Andrew Schoultz is a visual storyteller. This is particularly reflected in the theme of repetition. Whether with large-scale murals and installations or skate decks, smaller works such as drawings and paintings, Schoultz combines meticulous rendering with imagery both familiar and fantastical. His multi-layered works tell stories about everyday life and serve as commentary on political issues, international relations, environmental degradation and the merger of man and nature.
Andrew Schoultz’s first solo exhibition at Ruttkowski;68 gallery opens on October 10. Titled Broken Order, the new body of work was inspired by the orderliness of a bygone era that helped preserve physical evidence of history. For example, patterns in Persian Tapestries as well as well as the delicate and ornate borders often painted around the edges of Persian miniature paintings or the work of early German map making such as The Nuremburg Chronicle of 1492. Schoultz addresses today’s trouble spots and geopolitical disagreements by referring to the past. By using the imagery of different time periods, he at the same time re-records history and forms a parallel between past and today.

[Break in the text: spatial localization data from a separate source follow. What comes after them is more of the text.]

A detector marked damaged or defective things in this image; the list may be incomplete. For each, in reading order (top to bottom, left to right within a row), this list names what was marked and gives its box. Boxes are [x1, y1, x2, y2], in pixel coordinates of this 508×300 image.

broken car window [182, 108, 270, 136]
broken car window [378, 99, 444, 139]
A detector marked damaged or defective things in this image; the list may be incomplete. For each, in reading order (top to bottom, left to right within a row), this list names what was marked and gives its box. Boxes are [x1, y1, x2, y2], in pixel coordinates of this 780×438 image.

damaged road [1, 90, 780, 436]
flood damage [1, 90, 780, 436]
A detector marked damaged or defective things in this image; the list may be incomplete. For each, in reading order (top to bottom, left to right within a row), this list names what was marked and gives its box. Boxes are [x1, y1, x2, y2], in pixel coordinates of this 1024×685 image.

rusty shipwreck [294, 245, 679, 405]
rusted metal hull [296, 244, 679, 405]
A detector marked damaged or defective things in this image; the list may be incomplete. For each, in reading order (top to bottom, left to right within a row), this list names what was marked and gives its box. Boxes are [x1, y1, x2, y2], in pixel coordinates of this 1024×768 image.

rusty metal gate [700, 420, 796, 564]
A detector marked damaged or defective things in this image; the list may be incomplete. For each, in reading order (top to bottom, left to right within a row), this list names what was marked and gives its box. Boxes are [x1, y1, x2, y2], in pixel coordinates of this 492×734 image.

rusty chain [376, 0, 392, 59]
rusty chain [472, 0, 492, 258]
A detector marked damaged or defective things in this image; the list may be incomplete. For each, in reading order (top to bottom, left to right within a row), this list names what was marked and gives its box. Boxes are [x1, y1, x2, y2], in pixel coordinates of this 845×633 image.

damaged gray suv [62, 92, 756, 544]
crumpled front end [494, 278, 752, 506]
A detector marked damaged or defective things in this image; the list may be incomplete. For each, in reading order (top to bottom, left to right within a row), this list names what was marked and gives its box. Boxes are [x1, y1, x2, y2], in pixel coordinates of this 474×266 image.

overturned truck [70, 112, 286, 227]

Crossroads of History and Present
Schoultz’s captivating, reflective and often suggestive works, which stand at a crossroads of history and the present, prompt the viewer to think about the cyclical view of time. Sourcing aesthetic inspiration from medieval historical art, Schoultz translates its themes into modern language deeply convinced that they still resonate today. This way, the artists encourages a dialogue that is both topical and ageless.
Broken Order will remain on display until November 16.